#### RECORDS FOR THE TASK:
■ ■ ■ ■ ■

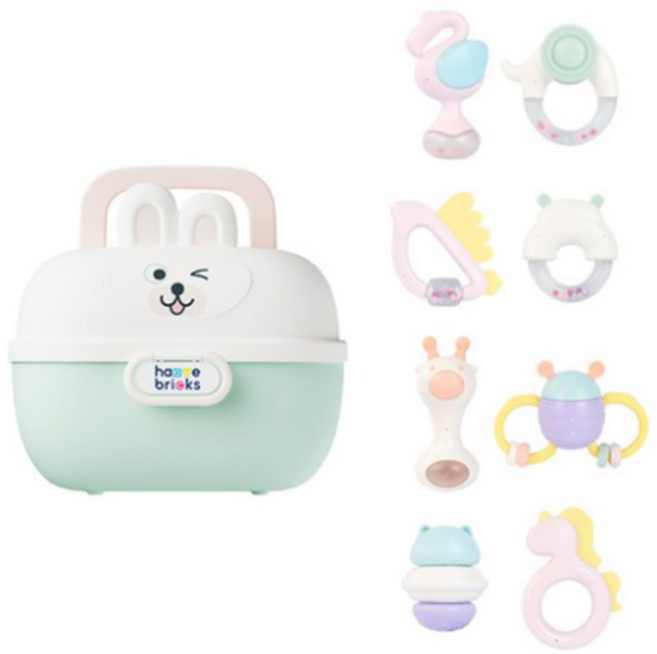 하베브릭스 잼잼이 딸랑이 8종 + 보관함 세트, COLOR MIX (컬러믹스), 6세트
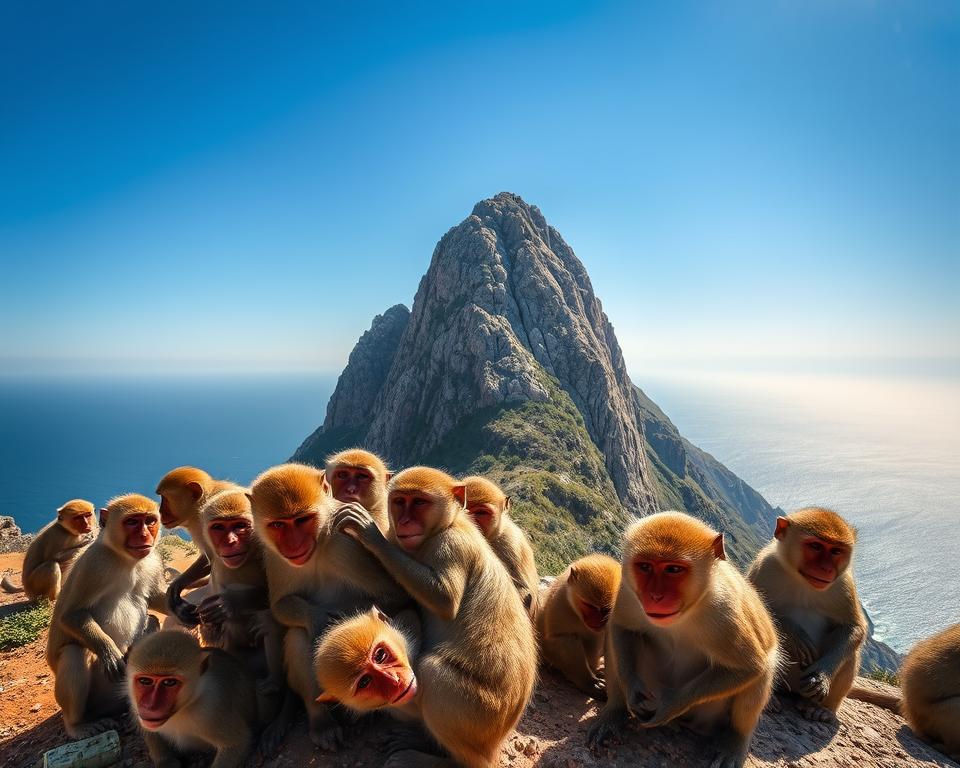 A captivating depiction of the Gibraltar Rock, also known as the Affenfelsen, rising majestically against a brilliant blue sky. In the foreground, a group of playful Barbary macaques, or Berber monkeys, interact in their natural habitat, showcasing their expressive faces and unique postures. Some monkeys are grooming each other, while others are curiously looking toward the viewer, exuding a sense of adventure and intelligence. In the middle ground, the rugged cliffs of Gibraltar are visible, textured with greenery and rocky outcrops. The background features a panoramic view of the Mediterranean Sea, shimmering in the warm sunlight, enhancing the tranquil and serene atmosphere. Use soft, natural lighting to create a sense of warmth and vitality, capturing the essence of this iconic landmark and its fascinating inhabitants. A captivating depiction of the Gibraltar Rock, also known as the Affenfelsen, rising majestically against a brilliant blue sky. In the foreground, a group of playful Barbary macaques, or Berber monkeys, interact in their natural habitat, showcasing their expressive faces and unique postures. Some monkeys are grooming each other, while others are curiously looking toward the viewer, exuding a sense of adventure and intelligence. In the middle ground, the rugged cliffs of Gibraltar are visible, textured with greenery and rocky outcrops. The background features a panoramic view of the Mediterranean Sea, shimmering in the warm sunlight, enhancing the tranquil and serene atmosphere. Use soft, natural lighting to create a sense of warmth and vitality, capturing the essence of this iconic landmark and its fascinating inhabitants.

■ ■ ■ ■ ■

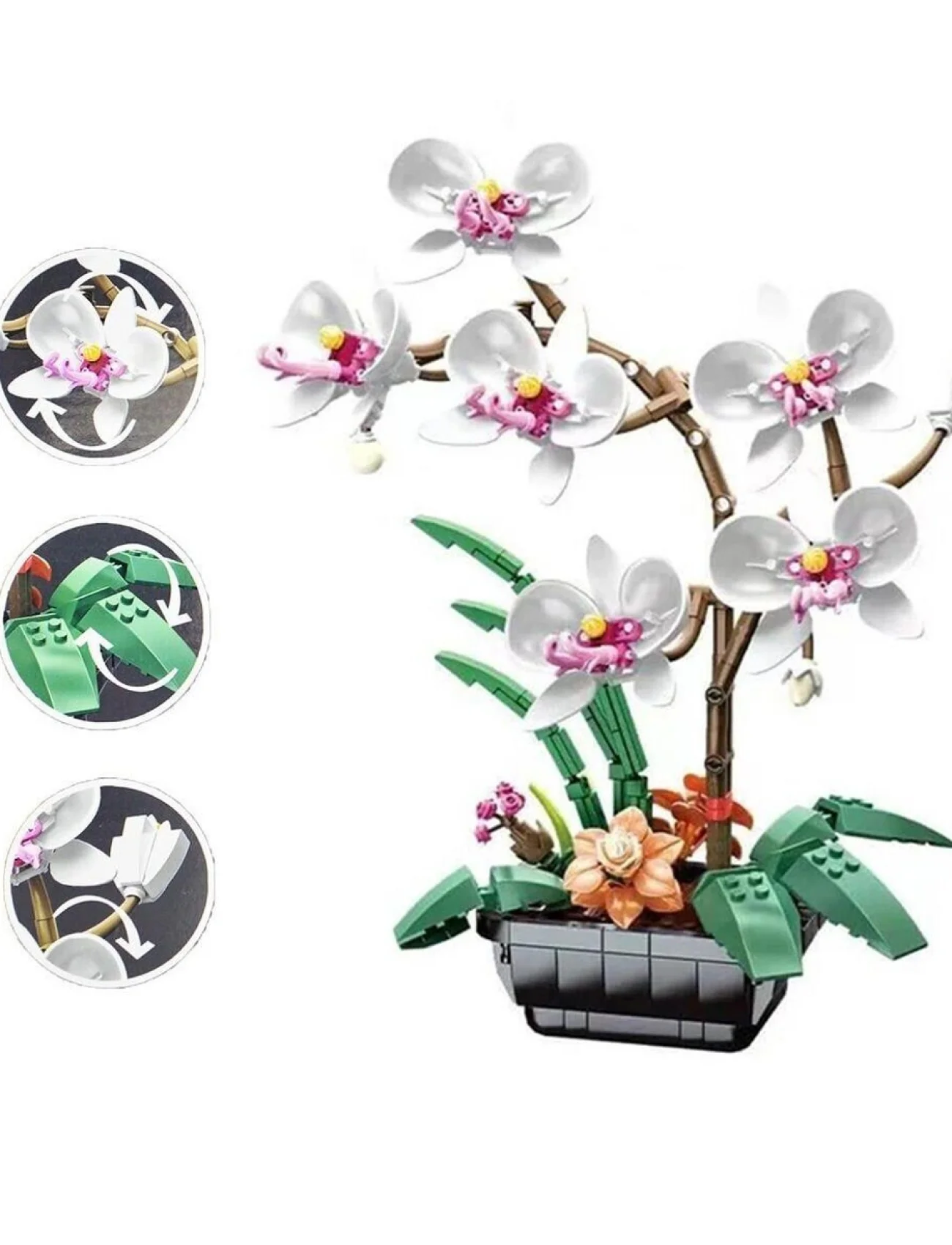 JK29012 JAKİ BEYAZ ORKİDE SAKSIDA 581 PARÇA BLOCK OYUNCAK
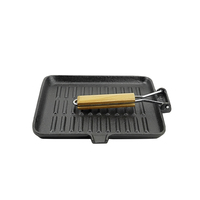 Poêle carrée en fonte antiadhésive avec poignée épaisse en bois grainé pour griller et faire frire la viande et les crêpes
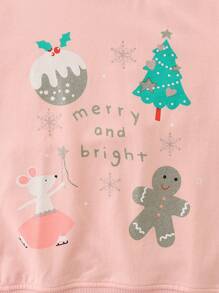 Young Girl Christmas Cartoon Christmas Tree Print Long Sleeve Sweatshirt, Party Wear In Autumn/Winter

■ ■ ■ ■ ■

Look above for the line with "JK29012 JAKİ BEYAZ" and the line with "Young Girl Christmas", then copy exactly the lines from the first through the second, both kept, with no pictures.

 JK29012 JAKİ BEYAZ ORKİDE SAKSIDA 581 PARÇA BLOCK OYUNCAK
 Poêle carrée en fonte antiadhésive avec poignée épaisse en bois grainé pour griller et faire frire la viande et les crêpes
 Young Girl Christmas Cartoon Christmas Tree Print Long Sleeve Sweatshirt, Party Wear In Autumn/Winter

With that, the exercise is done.